Exercise description -> Among the entries below, only the lines from the one with "Building a Future-Ready" through the one with "[CCNA v6] Packet" are wanted, reproduced exactly. Pictures are not wanted.

=== Exercise inputs ===

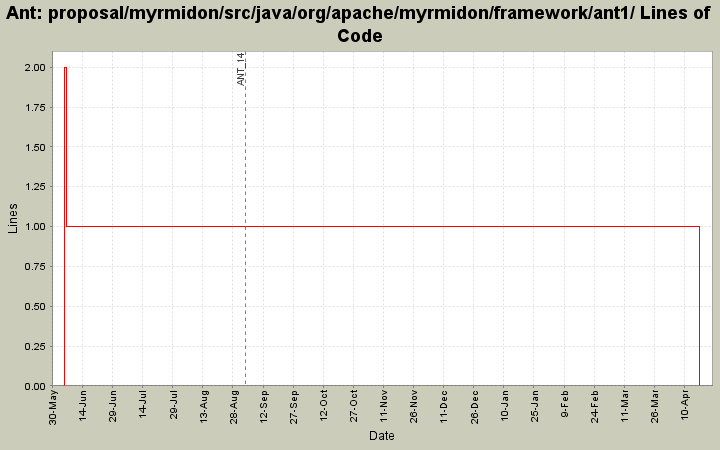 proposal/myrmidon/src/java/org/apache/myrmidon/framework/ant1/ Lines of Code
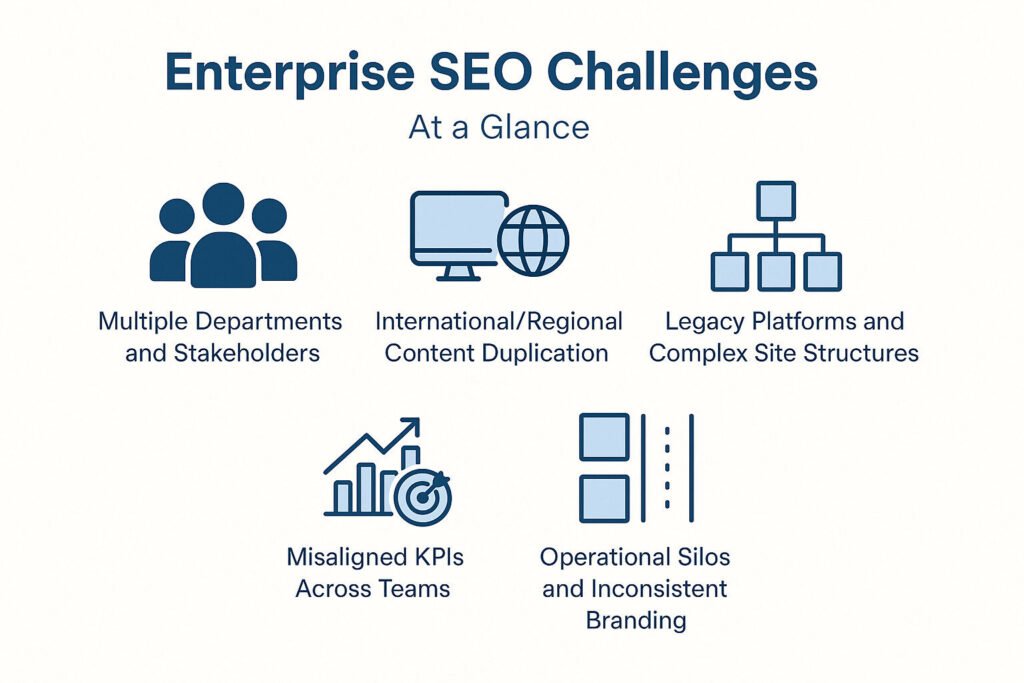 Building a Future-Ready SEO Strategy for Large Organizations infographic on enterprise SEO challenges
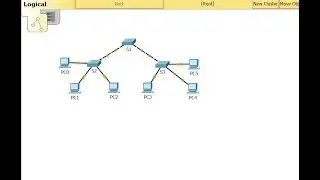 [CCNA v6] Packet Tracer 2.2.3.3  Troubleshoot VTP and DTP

===
=== Exercise inputs ===

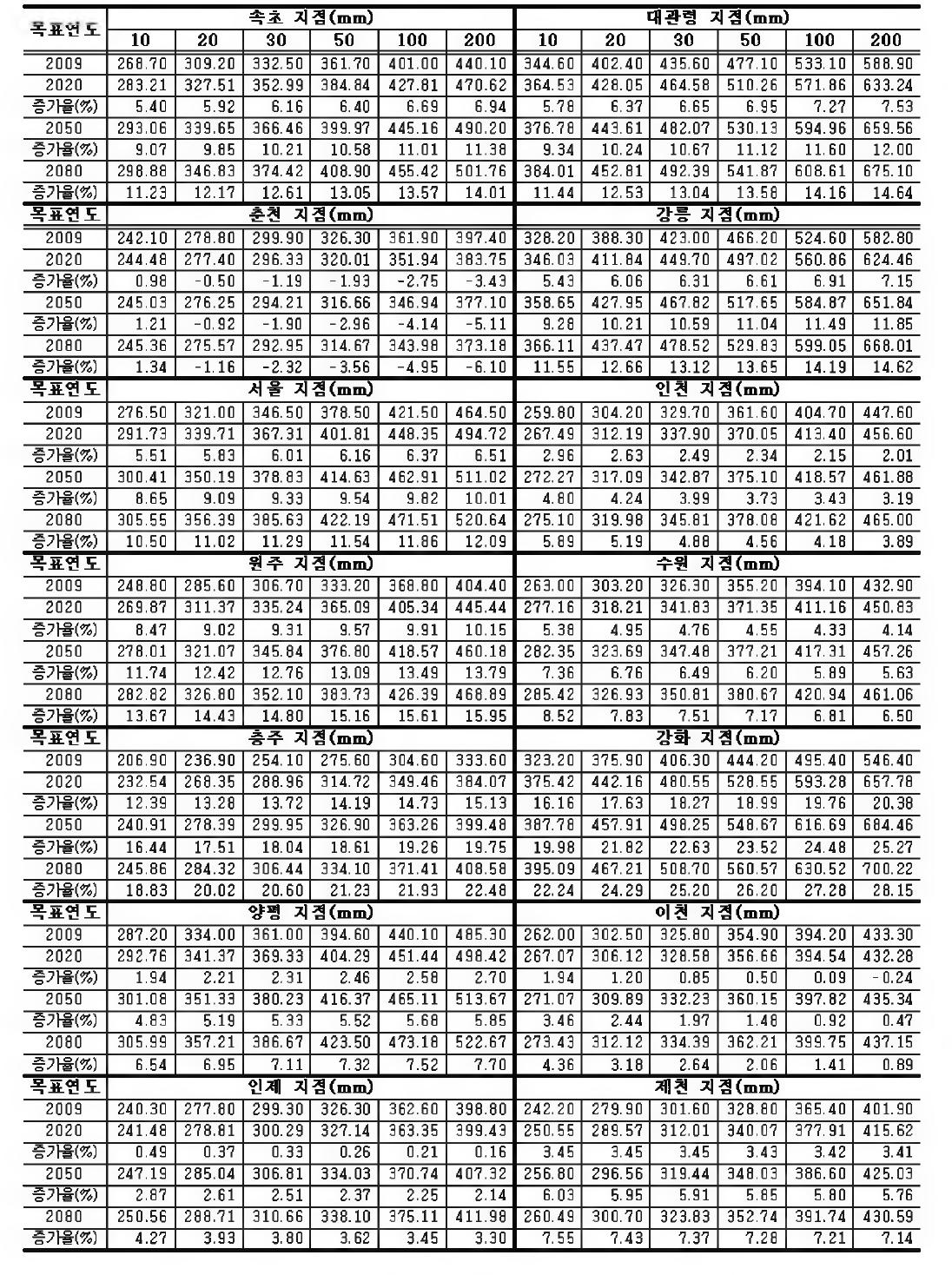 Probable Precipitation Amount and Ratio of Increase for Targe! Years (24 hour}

===

Your solution ->
 Building a Future-Ready SEO Strategy for Large Organizations infographic on enterprise SEO challenges
 [CCNA v6] Packet Tracer 2.2.3.3  Troubleshoot VTP and DTP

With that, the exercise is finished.